Inadequate Reference Datasets Biased toward Short Non-epitopes Confound B-cell Epitope Prediction
Rahman, Kh. Shamsur
Chowdhury, Erfan U.
MetadataShow full item record
X-ray crystallography has shown that an antibody paratope typically binds 15-22 amino acids (aa) of an epitope, of which 2-5 randomly distributed amino acids contribute most of the binding energy. In contrast, researchers typically choose for B-cell epitope mapping short peptide antigens in antibody binding assays. Furthermore, short 6-11-aa epitopes, and in particular non-epitopes, are over-represented in published B-cell epitope datasets that are commonly used for development of B-cell epitope prediction approaches from protein antigen sequences. We hypothesized that such suboptimal length peptides result in weak antibody binding and cause false-negative results. We tested the influence of peptide antigen length on antibody binding by analyzing data on more than 900 peptides used for B-cell epitope mapping of immunodominant proteins of Chlamydia spp. We demonstrate that short 7-12-aa peptides of B-cell epitopes bind antibodies poorly; thus, epitope mapping with short peptide antigens falsely classifies many B-cell epitopes as non-epitopes. We also show in published datasets of confirmed epitopes and non-epitopes a direct correlation between length of peptide antigens and antibody binding.
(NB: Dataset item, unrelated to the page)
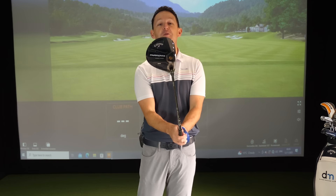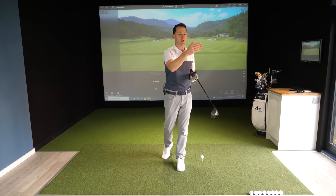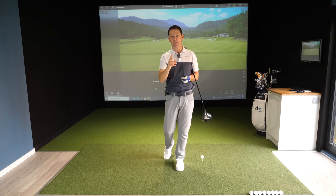This week I want to help you with your driver, specifically accuracy. Many of my students come to me really frustrated - they're striking it okay but they cannot control their accuracy. They've either got a big curve to the right, they're slicing it, or they're curving it to the left. They do not know how to hit that much straighter ball. As my old coach used to say, the woods are full of long hitters - let's start working on helping you hit it straight. There are only two things that are actually causing this curvature, and I'm going to share what they are in this video.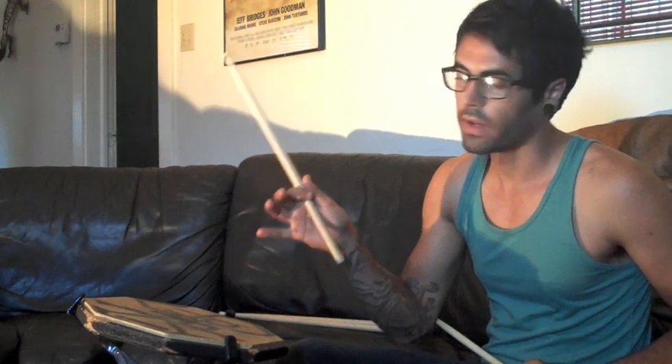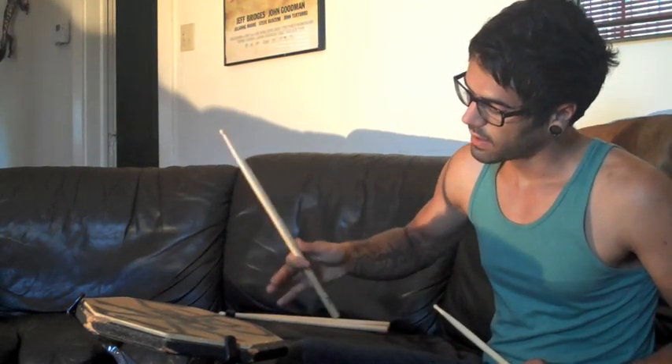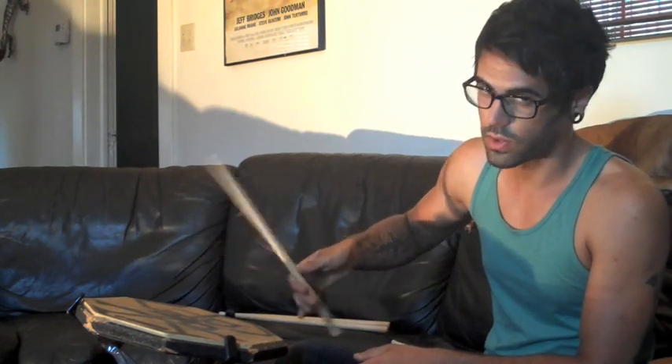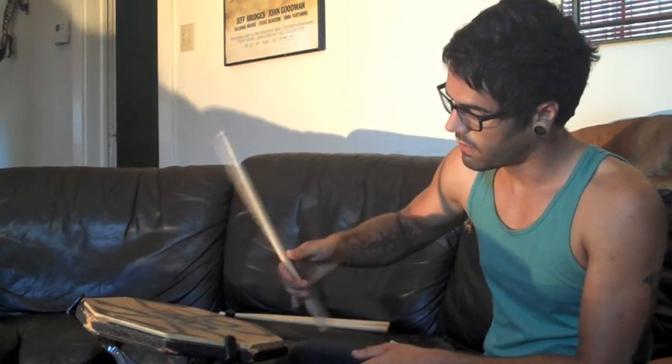I'll let you guys in on one little secret that my teacher showed me, and I've actually heard Thomas Pridgen talk about this before. There's one method with the finger technique — it's a practice exercise, really, really helpful. What you do is hold the stick just with your pointer finger and your thumb, and stroke like that. Let your other 3 fingers hang down below. Obviously not proper technique, but this is a building exercise. Then after 4 or 8 hits — whatever is easier for you to count — bring in your middle finger to assist with the stroke. After a certain amount of hits, bring in your ring finger, and then finally bring in your pinky.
Elimination of short, 11-aa epitope/non-epitope sequences improved datasets for evaluation of in silico B-cell epitope prediction. Achieving up to 86% accuracy, protein disorder tendency is the best indicator of B-cell epitope regions for chlamydial and published datasets. For B-cell epitope prediction, the most effective approach is plotting disorder of protein sequences with the IUPred-L scale, followed by antibody reactivity testing of 16-30-aa peptides from peak regions. This strategy overcomes the well known inaccuracy of in silico B-cell epitope prediction from primary protein sequences.